Бежать, пока он ничего не знает. Ей была невыносима мысль, что у него, если узнает, может хоть на секунду мелькнуть подозрение, что она все подстроила нарочно, многие женщины прибегают к этому способу, чтобы привязать к себе мужчину. И бежать надо было немедля, пока даже сотрудницы ни о чем не догадываются, потому что когда догадаются – будет поздно, новость рано или поздно дойдет и до него. Редактор относился к ней хорошо, всегда помогал, чем мог, и у него были связи в Политуправлении фронта, поэтому устроить перевод труда не составило: все поверили, что ей действительно хочется быть «поближе к дому». Господи, знали бы они, какой ужас вызывала в ней одна мысль о том, чтобы очутиться в Ленинграде!
В апреле сержант Сорокина прибыла к новому месту службы в Невель, в одно из тыловых управлений 2-го Прибалтийского фронта, ведавшее какими-то хозяйственными делами.

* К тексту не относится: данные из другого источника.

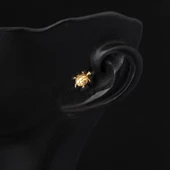 14 Ayar Altın Kaplumbağa Tragus Küpe - 2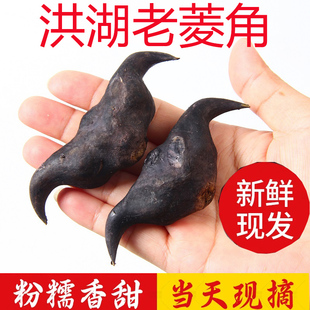 洪湖菱角新鲜生棱角现摘青菱角粉糯老莲角黑凌角湖北特产时令蔬菜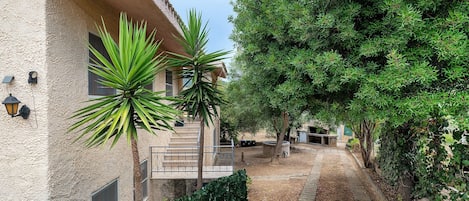 A courtyard with a pathway leading to a building entrance, surrounded by greenery and a palm tree.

Здесь весна была запоздалая, по-северному неспешная, ночами еще крепко подмораживало, днем за окошком звенела капель, радужно сверкало солнце в не упавших еще сосульках. Не вникая в смысл, Елена печатала бумаги, которые клали на ее стол, – какие-то акты, ведомости, сводки – и думала о том, как будет жить дальше. Она нарочно ограничивала эти мысли кругом чисто практических вопросов – работа, жилье и тому подобное, избегая думать о главном. О смысле (зачем?) того, что случилось. Значит, так было надо. У нее еще будет время об этом поразмыслить, а может быть, и не надо будет размышлять, может быть, ответ придет сам по себе, подсказанный жизнью.

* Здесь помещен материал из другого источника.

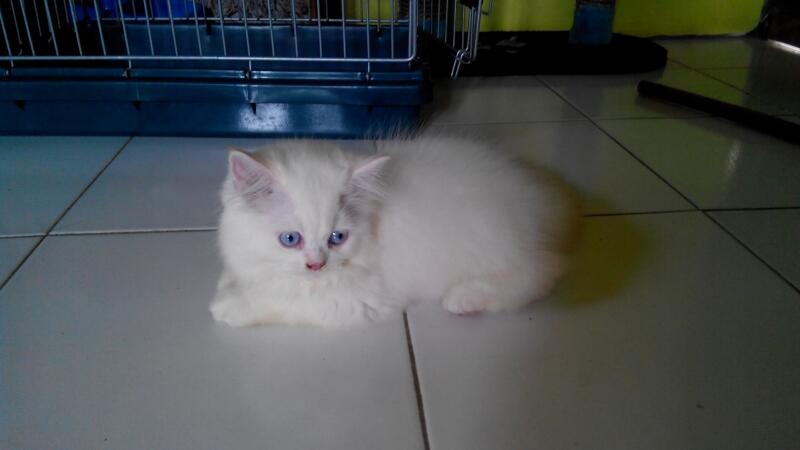 Kitten PERSIA, dijamin BAGUS dan LUCU....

А о вопросах практических думать приходилось уже сейчас, заранее, хотя несколько месяцев в запасе еще было. Рожать ей предстояло в ноябре, значит, где-то до августа она еще сможет оставаться в армии, потом комиссуют. Уехать бы куда-нибудь за Волгу, к Уралу, где вообще не было войны... И с жильем, наверное, там полегче, эвакуированные уже разъезжаются, кому есть куда. А на работу хорошо бы устроиться в каком-нибудь детском учреждении – яслях, детдоме, их ведь много сейчас, и персонала, скорее всего, не хватает. С ребенком ее возьмут, не могут не взять, полагаются же какие-то льготы одиноким матерям? Может быть, война к тому времени уже кончится. Ничего, проживем, думала она, прислушиваясь к тому таинственному, что – пока еще неслышно и неощутимо – уже совершалось в ней.
Добравшись до коммутационной камеры, она выпрямилась во весь рост и погасила фонарик. Здесь было уже почти светло – во всяком случае, по сравнению с непроглядным мраком в самом туннеле. Свет падал сверху, из устья колодца, перекрытого рухнувшей железобетонной плитой; плита лежала косо, опираясь одним краем на обломок стены, и образовала над открытым люком нечто вроде козырька, под которым оставалось сантиметров пятьдесят свободного пространства. Эта полуметровая щель, почти незаметная снаружи в хаотическом нагромождении развалин, была единственным выходом из подземелья.
Цепляясь за вделанные в стенку колодца скобы, Таня вскарабкалась наверх и наполовину высунулась из люка. Она прислушалась, приподняв голову и опираясь на локти, – снаружи все было тихо. Впереди, метрах в пяти от нее, жаркий солнечный луч лежал на битых кирпичах, бросая отблеск сюда, в темную и сырую щель.